The starting coordinates for scenario four are (-7100, 0, 0) in kilometers, with an initial velocity of (0, 7.49272, 0) in kilometers per second. The ideal initial impulse $\Delta V$ is -0.24255 kilometers per second; the ideal coordinates for the second burn are (8100, 0, 0), with the ideal second impulse $\Delta V$ being 1.22486 kilometers per second, which can be broken into (0, 0.12811, 1.21814); and the final target coordinates are $(0, 8100 \cos(10^\circ), 8100 \sin(10^\circ))$ . The expected time of flight is 5110.624 seconds.

Simulation Environment and Data Generation

A two-body point mass Earth model is implemented for the environmental physics, with $\mu$ ( $398600 \mathrm{km^3/s^2}$ ) representing the gravitational parameter. Poliastro handled all propagation¹⁷. Perturbations, such as $J_2$ , drag, and additional third-body gravity, are neglected. Distances are measured in kilometers, and time is measured in seconds. There is no uncertainty or noise in the environment, with deterministic outcomes for every action. The environment is given an initial position and velocity vector, and the output is a final position and velocity vector.

For two-impulse scenarios, a leg-index flag has been implemented to distinguish impulses. The two-impulse scenario outputs four variables: mid-state position, mid-state velocity, final position, and final velocity vectors. The RL agent receives no feedback on
$\Delta v$ errors or time of flight for any scenario. Each trial is truncated once the analytic time of flight has been reached.

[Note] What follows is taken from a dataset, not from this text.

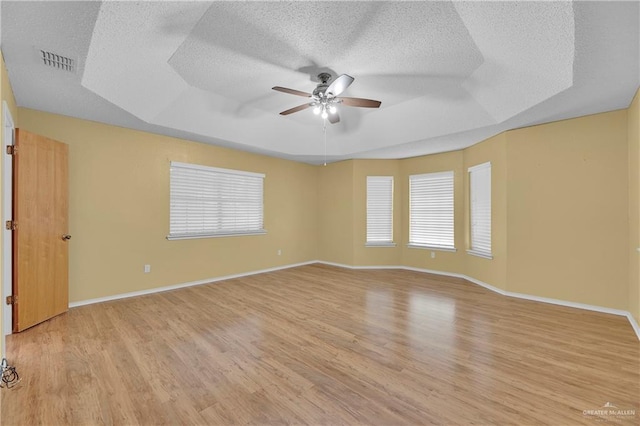 spare room with a textured ceiling, light wood-type flooring, ceiling fan, and a healthy amount of sunlight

For Hohmann transfers, the action space is a three-dimensional vector that represents the instantaneous impulse: $(\Delta v_x, \Delta v_y, \Delta v_z)$ . Non-coplanar transfers have seven actions: two three-dimensional $\Delta v$ vectors and the time to apply the second burn. The orbits are propagated deterministically– after applying the instantaneous impulse, the RL outputs the final coordinates. Each episode is a MDP.

For every scenario after training, the RL produces 5000 samples using its final model. The MC baseline generates 5000 samples from the same environment, action space, and propagation pipeline. Therefore, each scenario has 5000 RL and MC samples, which is 40000 generated samples across all experiments in total. The number of MC samples is chosen to ensure stable distributions and statistical significance. The RL produces the same number of samples to acknowledge the PPO’s stochastic variation and maintain impartial comparison between the two simulations.

Variables and Measurements

The observation space of the RL expresses a scenario’s position $(x, y, z)$ in kilometers and velocity $(v_x, v_y, v_z)$ in kilometers per second. State variables follow those of Poliastro’s, which is km and km/s. The variables for position, time, velocity, and $\Delta v$ for the analytic optimum are kilometers, seconds, kilometers per second, and kilometers per second, respectively.

Action variables for a Hohmann transfer scenario are an impulse of $(\Delta v_x, \Delta v_y, \Delta v_z)$ in kilometers per second. If the scenario involves multiple impulses, the RL’s actions include the ideal number of impulses $(\Delta v_x, \Delta v_y, \Delta v_z)$ in kilometers per second and the time (in seconds) of flight to perform the additional impulse.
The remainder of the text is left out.